**Data for this exercise**
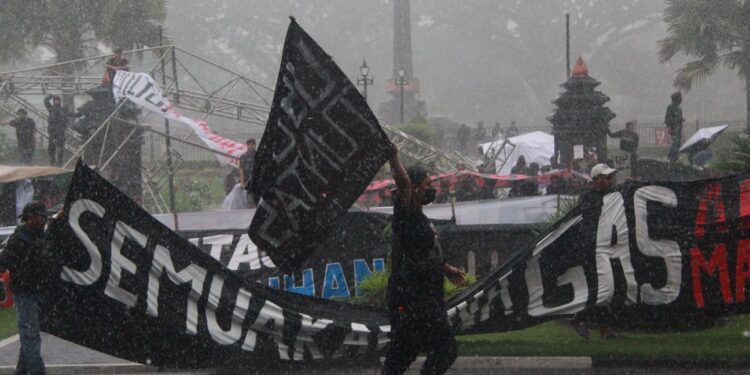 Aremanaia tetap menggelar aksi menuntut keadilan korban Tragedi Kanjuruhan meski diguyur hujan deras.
* * *
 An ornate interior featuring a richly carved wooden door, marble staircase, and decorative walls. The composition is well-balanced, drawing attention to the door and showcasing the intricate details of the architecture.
---
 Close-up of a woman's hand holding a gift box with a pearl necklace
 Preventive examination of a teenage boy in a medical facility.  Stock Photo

**What this task involves**
Precisely the lines between those holding "Close-up of a" and "Preventive examination of", inclusive, are to be reproduced from the listing above, with nothing added.

**Result of the task**
 Close-up of a woman's hand holding a gift box with a pearl necklace
 Preventive examination of a teenage boy in a medical facility.  Stock Photo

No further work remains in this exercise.